Judges: McCLELLAN, McOLELLAN, Sayre
Filed Date: 6/30/1922
Status: Precedential
Modified Date: 10/19/2024
Appellee filed the bill in this cause to cancel, vacate, and annul a deed he had made to appellant, his daughter, on consideration that she would support and maintain complainant and his wife during the remainder of their lives. The wife died before any differences arose between the parties, and afterwards defendant, herself well advanced in middle age, married a man between whom and complainant there was much bad feeling. It is averred that defendant failed and refused to perform her obligation under the contract. No question is raised concerning the equity of the bill, it being conceded that in cases of this peculiar character, the remedy at law being wholly inadequate, equity, under our late decisions, will intervene to cancel the deed when the grantee has failed and refused substantially to perform his obligations under the contract. Johnson v. Chamblee,
"While such contracts are not often in form a trust, they are usually in fact a trust. One under the stress of infirmity or age surrenders his property to another, for relief from care and anxiety, and receives in return an assurance of support. The result, so far as the donor is concerned, would be no different if he had made an express deed of trust. The parties do not contemplate a mere contract, but an obligation binding on conscience as well as in law. The arrangement rests in confidence on the part of the grantor. It would, indeed, be a hard rule, when the feeble party has fully performed his part of the contract in the hope of security and quiet, to require him to spend the remainder of his life in lawsuits to compel performance by the other party."

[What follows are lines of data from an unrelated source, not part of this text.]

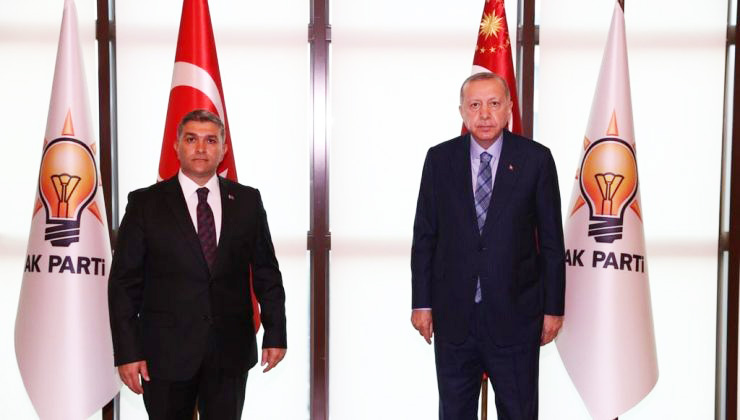 YEŞİLDAL: DEPREM BÖLGESİNDE DESTANSI İŞLERE İMZA ATILIYOR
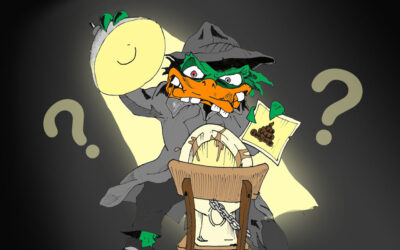 Traži se Patak-O! Jeste li ga vidjeli?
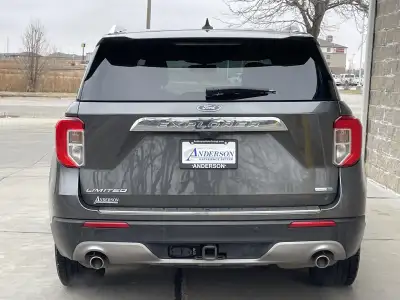 Pre-Owned 2020 Ford Explorer for sale in Grand Island NE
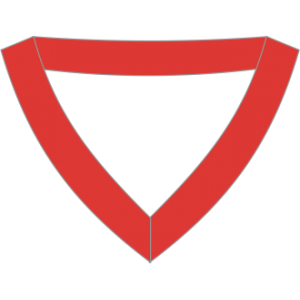 V-collar 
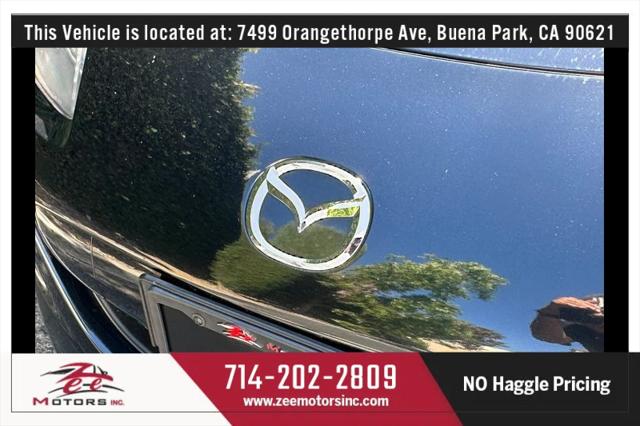 2015 Mazda MX-5 Grand Touring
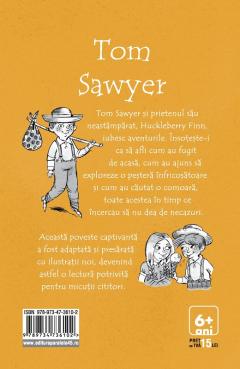 Tom Sawyer (text adaptat)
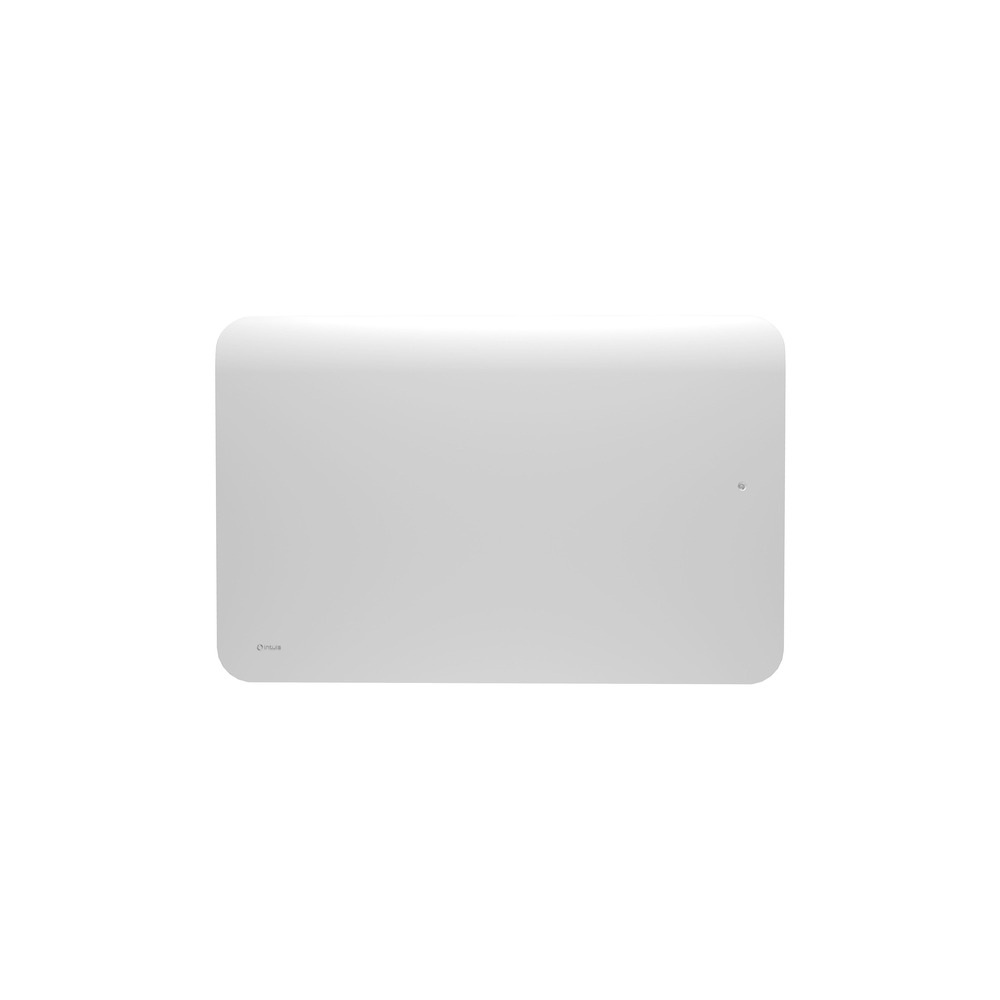 Radiateur connecté Corélia nativ horizontal - 1500W - blanc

The courts have differed as to the form and equitable grounds of relief; but, as we have already said, they have held with substantial unanimity that relief will be afforded against conveyances for support on nonperformance of the agreement. Abbott v. Sanders,
The issue between the parties is one of fact, defendant averring that, substantially, she has ever been willing to perform and did in fact perform her obligation to complainant as long as he remained under the roof he gave her, and that his leaving was the result of the petulance and unreasonable humors of old age, not any substantial fault of her own. The evidence has had careful consideration, and we have concluded, in view of all the circumstances, which need not be stated in detail, that the old man, the complainant, was justified in seeking another dwelling place, and in consequence that the chancellor committed no error in his decree.
Affirmed.
All the Justices concur, except McCLELLAN, J., who dissents.